Menambahkan perspektif, Kepala Departemen Pengembangan dan Inovasi Digital BI, Endang Trianti, menjelaskan bahwa penipuan kerap beroperasi melalui jaringan (network). Berangkat dari pemahaman ini, BI akan berupaya keras memperkuat jaringan sistem keuangan digital di masa depan.
“Fraud itu bekerja dengan network. Kecepatan network tersebut sangat dimanfaatkan oleh fraudster [penipu]. Oleh karena itu, upaya penanganannya [combating] juga harus dilakukan dengan pendekatan network,” tegas Endang pada kesempatan yang sama, menyoroti pentingnya strategi pertahanan yang terintegrasi.
Inklusi Keuangan
Tidak hanya berperan dalam mencegah penipuan di sistem keuangan digital, Juda Agung juga meyakini bahwa AI menyimpan potensi besar dalam memperluas akses keuangan masyarakat, mendorong terwujudnya inklusi keuangan yang lebih merata.
“Jangan membayangkan AI sebagai robot pengganti manusia. Bayangkan AI sebagai asisten yang sangat cerdas, yang memiliki pemahaman mendalam akan kebutuhan penggunanya,” jelasnya, mengubah persepsi umum tentang kecerdasan buatan.
Ia menguraikan bahwa teknologi AI mampu mengolah jejak digital transaksi keuangan yang dihasilkan dari penggunaan sistem pembayaran digital seperti QRIS. Nantinya, data yang telah diolah oleh AI ini akan menjadi dasar bagi alternative credit scoring, atau penilaian kredit alternatif.
Sebagai contoh, Juda menjelaskan bahwa para pelaku UMKM yang aktif menggunakan QRIS akan meninggalkan jejak digital berupa data pemasukan, pengeluaran, simpanan, hingga jumlah pelanggan mereka.
“Jejak-jejak digital keuangan dari pelaku UMKM ini bisa diubah oleh AI menjadi sebuah peluang akses keuangan. Ketika ibu ini [pelaku UMKM] memerlukan pinjaman dari bank atau fintech lending, data ini menjadi dasar alternative credit scoring yang sangat berarti,” ungkapnya, menggambarkan bagaimana AI menjembatani kesenjangan akses kredit.

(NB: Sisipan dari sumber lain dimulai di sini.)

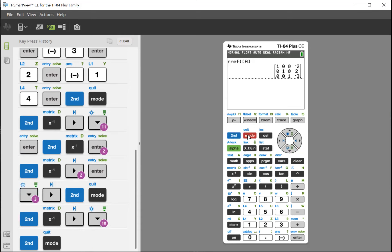If you get decimal answers on the RREF, go back to edit and look at your numbers — you usually missed it by one sign. A syntax error means you used the wrong key, likely the subtraction key instead of the negative key.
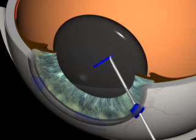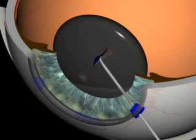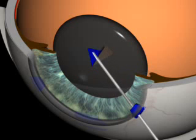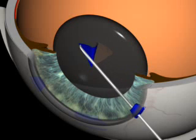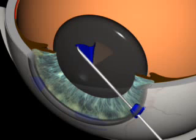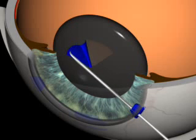The capsular flap is pulled and lifted at its edge. The flap is then inverted and the rhexis torn circularly until completed.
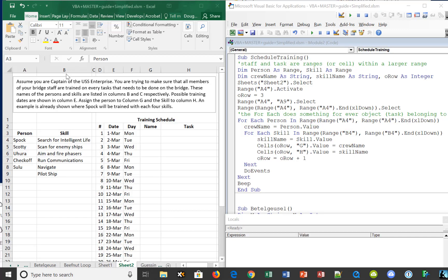Sometimes we would like to combine two lists. For example, we might have people on the ship, the USS Enterprise, that are on the bridge — Spock and Scotty and Uhura and so forth.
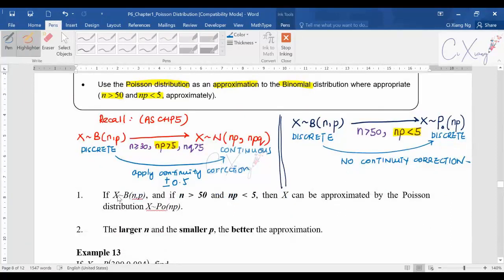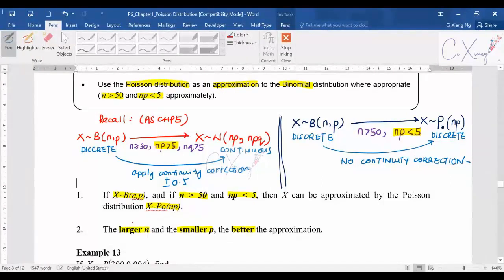In your notes, you can highlight: if X is binomially distributed and n is greater than 50 and np is smaller than 5, then you can change it to Poisson with mean equal to np. Also note that if n is larger and p is smaller, the approximation is better. This is important because exam questions may ask what you can adjust to increase the accuracy of the approximation — the answer is a larger n or a smaller p.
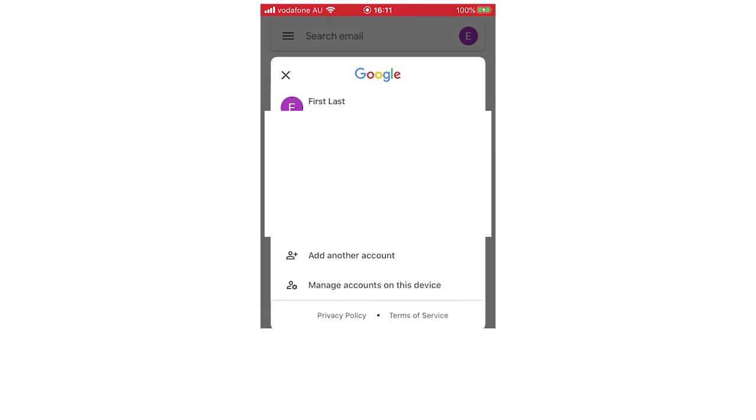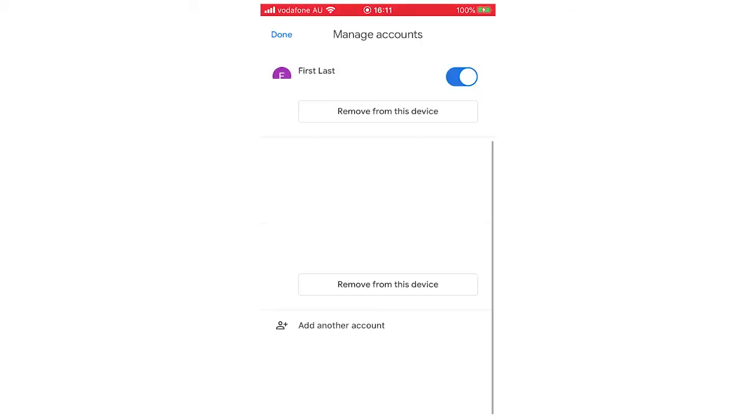Then you will see at the bottom of this little pop-up here it'll say manage accounts on this device. You want to click on that and then there's a few different ways of removing it depending on how you want it.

Langkah progresif ini, menurut Juda, sejalan dengan arah kebijakan BI dalam mendorong transformasi digital sistem pembayaran dan memperluas cakupan inklusi keuangan di seluruh lapisan masyarakat.
Ia menegaskan bahwa digitalisasi yang inklusif bukan sekadar tentang memiliki cip super atau algoritma paling canggih. Juda menekankan esensi teknologi digitalisasi keuangan untuk secara nyata menyentuh dan meningkatkan kehidupan masyarakat yang paling membutuhkan.
“Teknologi canggih memang diperlukan, namun itu saja tidak cukup. Kita membutuhkan pergeseran paradigma. Kita tidak hanya memerlukan teknologi yang high-tech [teknologi canggih], melainkan juga right-tech atau teknologi tepat guna yang benar-benar relevan dengan kebutuhan masyarakat,” pungkasnya, menekankan pentingnya inovasi yang berorientasi pada solusi praktis.
Bank Indonesia (BI) mengimplementasikan teknologi kecerdasan buatan (AI) untuk memperkuat sistem deteksi kecurangan di sektor keuangan digital, mengingat maraknya kejahatan digital dan judi online. AI berperan vital dalam mengenali pola transaksi mencurigakan serta menganalisis perilaku pengguna secara real-time, memungkinkan deteksi penipuan yang lebih cepat dan akurat. BI juga bersinergi dengan Otoritas Jasa Keuangan (OJK) dan Kementerian Komunikasi dan Digital (Komdigi) dalam upaya ini, serta mewaspadai potensi perpindahan pelaku judi online ke Indonesia akibat larangan di negara tetangga.
Selain itu, BI melihat potensi besar AI untuk memperluas akses keuangan dan mendorong inklusi finansial di masyarakat. AI dapat mengolah jejak digital transaksi keuangan, seperti penggunaan QRIS oleh pelaku UMKM, menjadi dasar penilaian kredit alternatif. Inisiatif ini sejalan dengan arah kebijakan BI dalam mendorong transformasi digital sistem pembayaran, menekankan penggunaan “teknologi tepat guna” yang relevan dengan kebutuhan masyarakat.